Indeed, people around the globe can get depressed regardless of their socioeconomic standing or age. This is not exactly a very encouraging piece of news but it is also a fact that we can combat depression and one of the ways in doing so is to take up a craft like sewing. You can literally Sew Your Blues Away!
Many studies indicate that sewing is good for both our mental and physical wellbeing. Just to reiterate, aside from the obvious benefits of sewing like having an up-to-date and well-fitting wardrobe or getting rid of missing buttons, it is also good for your health!
When we focus all our physical and mental facilities on a sewing project, we stop worrying about our everyday problems like paying utilities, issues at the office or family conflicts. And although these problems do not necessarily go away, we do not let them bring us down and we allow ourselves time to rebuild. And in the end, we have a new dress in the closet too;)

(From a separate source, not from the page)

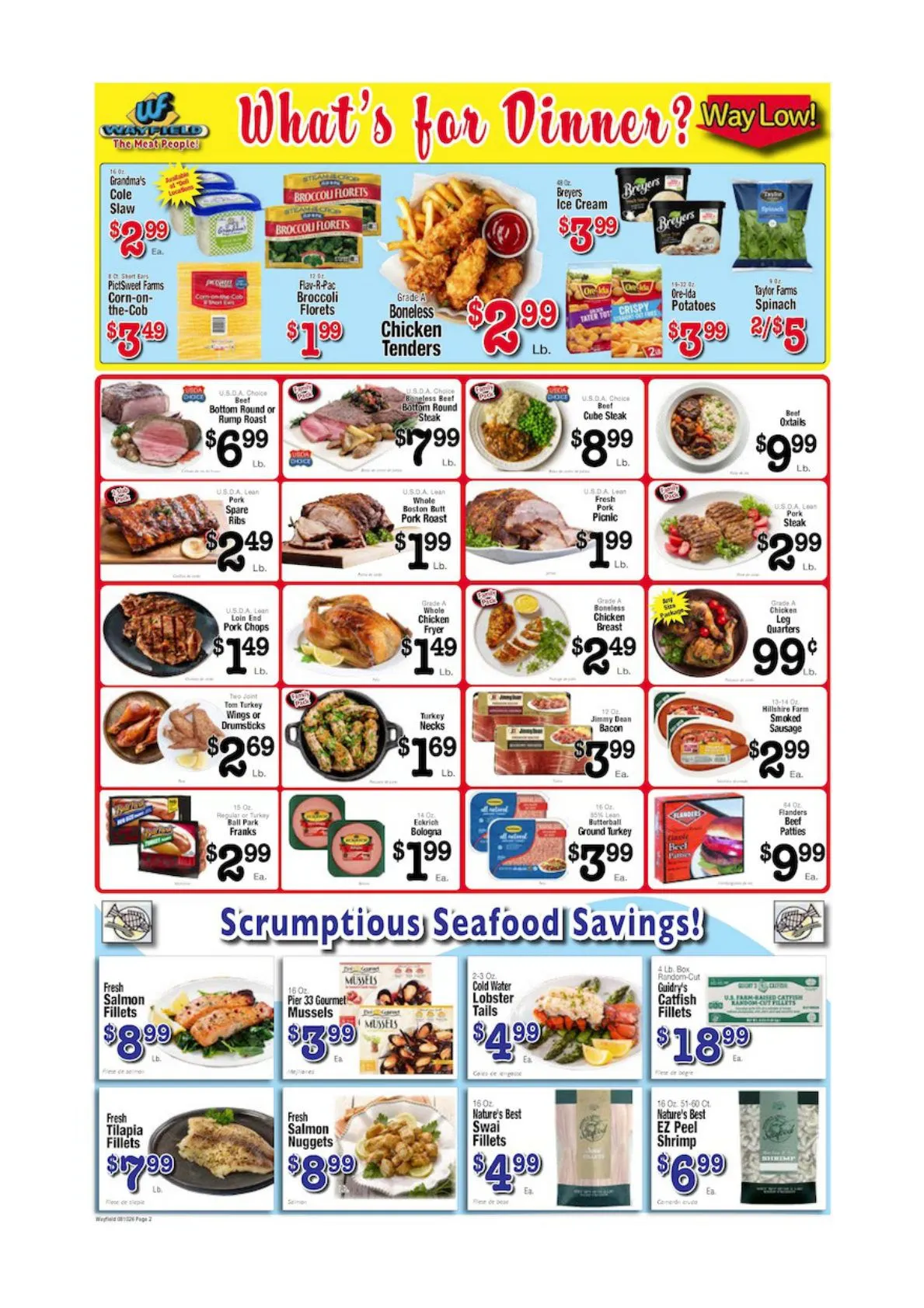 Weekly ad Wayfield — 2026-08-12 from August 10 to August 16 2026 - Page 2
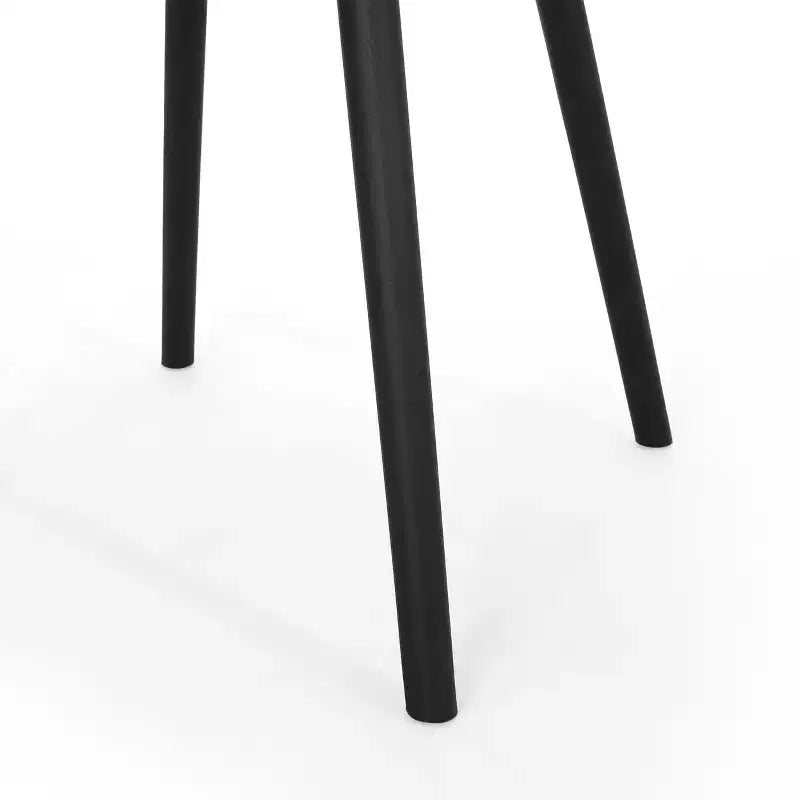 Christopher Knight Home Renata Set da Pranzo da Esterno a 7 Pezzi in Legno di Acacia e Resina con Tavolo da Pranzo da 70.25", Nero/Teak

Crafts like sewing allow us to relax from the pressures of daily life. Simply speaking, it makes us feel good. It is also a very useful craft to pass on to our kids. Nowadays, there are so many low-quality clothes available in the stores. And most young people just buy them and wear them a few times then forget about them. The day may even come when “disposable” clothes will come in fashion. Think of the strain that will give our environment. You can be sure that if people learn to sew their own clothes, they also look at clothes in a completely different way. They will start to notice the work that goes into it and the quality of the fabric, notions, and style that comes with the dress.
Sewing Helps the Brain
Studies show that sewing helps develop a hand to eye coordination that is good for the brain. It also keeps ours fingers agile and nimble. In addition, it is always good for our self-esteem when we mend our daughter’s clothes and watch her wear it again and again. If you have never done this, try it, it sure feels great and that is good for the heart too.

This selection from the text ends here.